ASSIGNMENT :: Nothing but the lines below, from the first through the line containing "Cover note —", should be set down, each one exactly and without pictures.
MATERIAL FOR THIS TASK below:
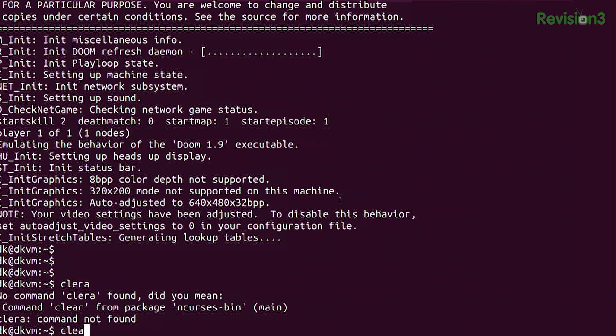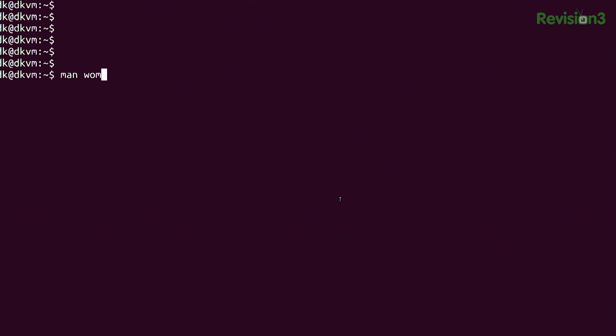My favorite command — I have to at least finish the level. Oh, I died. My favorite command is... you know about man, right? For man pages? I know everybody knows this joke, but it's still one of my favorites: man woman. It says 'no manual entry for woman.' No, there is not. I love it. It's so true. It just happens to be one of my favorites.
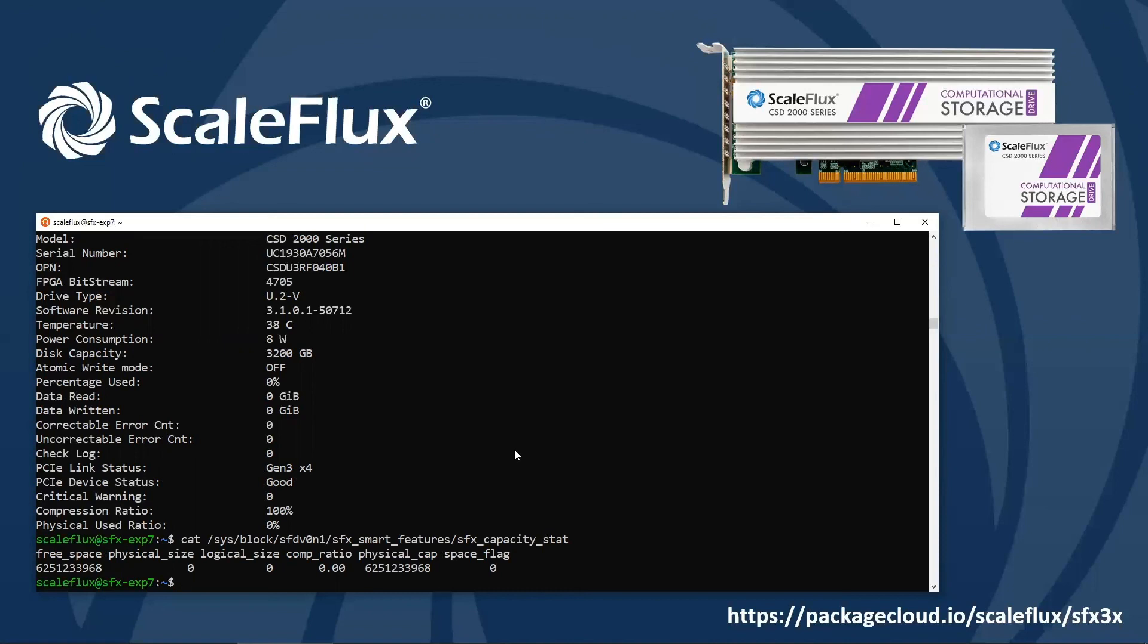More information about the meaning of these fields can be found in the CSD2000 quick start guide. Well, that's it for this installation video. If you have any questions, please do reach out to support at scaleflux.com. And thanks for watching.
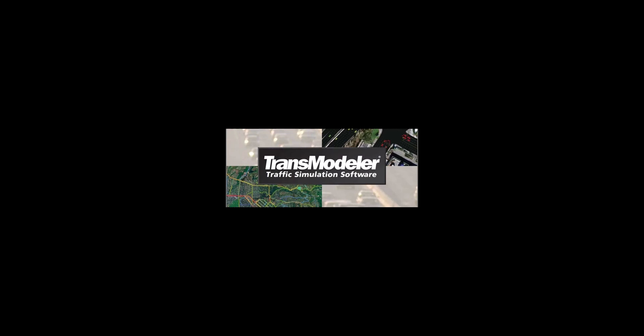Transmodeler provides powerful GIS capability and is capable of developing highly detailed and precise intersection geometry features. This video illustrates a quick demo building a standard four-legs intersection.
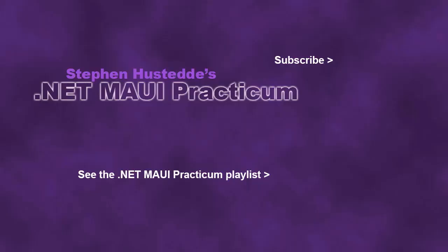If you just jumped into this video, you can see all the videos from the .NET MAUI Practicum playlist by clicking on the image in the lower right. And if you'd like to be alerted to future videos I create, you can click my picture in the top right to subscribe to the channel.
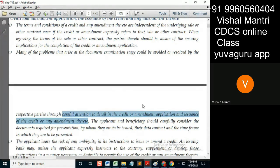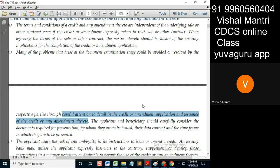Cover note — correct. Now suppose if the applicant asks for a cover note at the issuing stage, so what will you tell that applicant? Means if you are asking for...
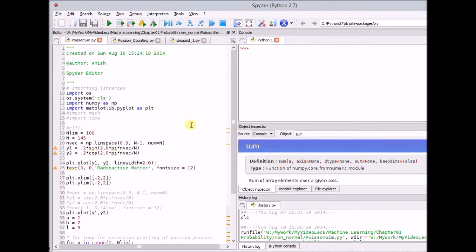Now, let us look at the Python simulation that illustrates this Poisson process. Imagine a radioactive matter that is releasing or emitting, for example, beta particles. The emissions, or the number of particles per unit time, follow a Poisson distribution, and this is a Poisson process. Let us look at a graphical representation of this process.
End of MATERIAL FOR THIS TASK.
RESULT OF THE EXERCISE ::
My favorite command — I have to at least finish the level. Oh, I died. My favorite command is... you know about man, right? For man pages? I know everybody knows this joke, but it's still one of my favorites: man woman. It says 'no manual entry for woman.' No, there is not. I love it. It's so true. It just happens to be one of my favorites.
More information about the meaning of these fields can be found in the CSD2000 quick start guide. Well, that's it for this installation video. If you have any questions, please do reach out to support at scaleflux.com. And thanks for watching.
Transmodeler provides powerful GIS capability and is capable of developing highly detailed and precise intersection geometry features. This video illustrates a quick demo building a standard four-legs intersection.
If you just jumped into this video, you can see all the videos from the .NET MAUI Practicum playlist by clicking on the image in the lower right. And if you'd like to be alerted to future videos I create, you can click my picture in the top right to subscribe to the channel.
Cover note — correct. Now suppose if the applicant asks for a cover note at the issuing stage, so what will you tell that applicant? Means if you are asking for...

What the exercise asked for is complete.